One of our upstream provider’s core routers is currently experiencing significant routing issues, preventing us from contacting our DNS servers and degrading access to, from, and within our cluster. They are working on the problem now and we will update this status as more information becomes available. Thank you for your patience.
Update 1:55 PM MST: Network service has been restored. We deeply apologize for this outage and are working with our upstream network provider to find solutions to prevent this occurring in the future.
Update 4:03 PM MST: One of our upstream provider’s redundant core routers had serious routing problems from approximately 1:37 to 1:53 PM MST on Wednesday, November 16th.
While they are still investigating the cause, BGP routing sessions on one of their core Cisco routers (a Cisco 6509-E) started to flap badly at approximately 1:37 PM. As a result, CPU utilization spiked, and the router became unresponsive to management commands and began dropping and re-establishing additional BGP sessions. The flapping of these sessions going up and down and the resulting heavy load of processing routing information meant the router could not recover enough to fully establish all the sessions and keep them up.

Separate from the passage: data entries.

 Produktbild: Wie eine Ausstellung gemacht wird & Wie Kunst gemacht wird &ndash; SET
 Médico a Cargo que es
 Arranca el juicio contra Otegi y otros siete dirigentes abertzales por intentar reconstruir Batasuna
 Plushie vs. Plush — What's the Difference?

To help reduce the load caused by this cycle, a network engineer decided to disconnect an Internet transit connection that went directly to this router. This kept the router from constantly processing and dropping the full feed of Internet routes from this provider and the router was able to stabilize very quickly afterward.

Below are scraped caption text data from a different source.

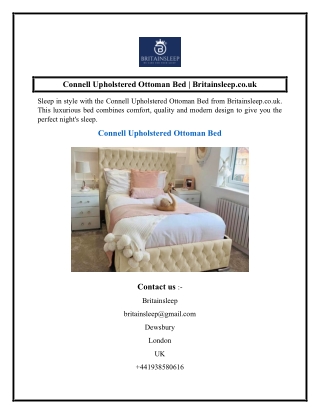 Connell Upholstered Ottoman Bed  Britainsleep.co.uk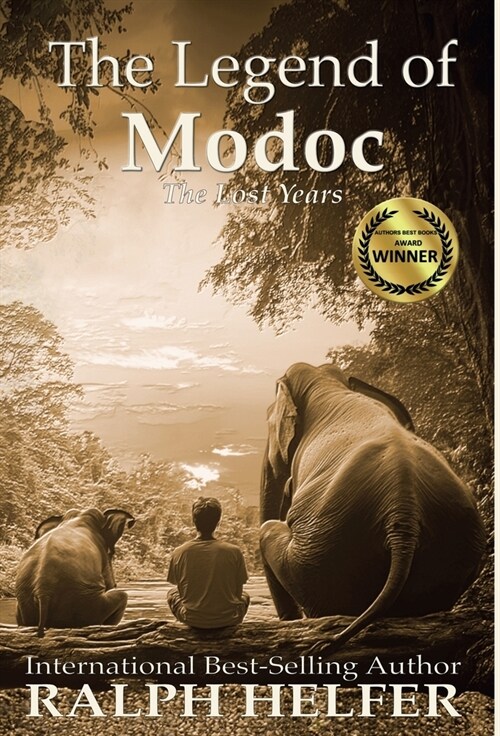 The Legend of Modoc: The Lost Years (Hardcover)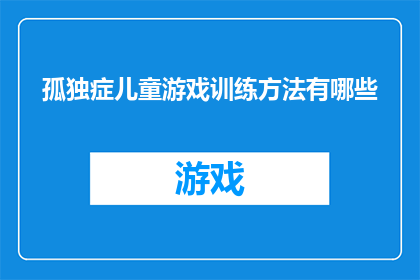 孤独症儿童游戏训练方法有哪些(探讨孤独症儿童游戏训练的有效方法有哪些？)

Although our upstream provider’s network is fully redundant, both at the border and core of their network, a partial outage like this is possible when a router is still partially operable because full failover to the other router might not get triggered. Among other services affected was one of their redundant recursive name servers, causing some DNS queries to time out.
Again, we are very sorry for any problems this may have caused and we are working to find solutions that will mitigate any future outages.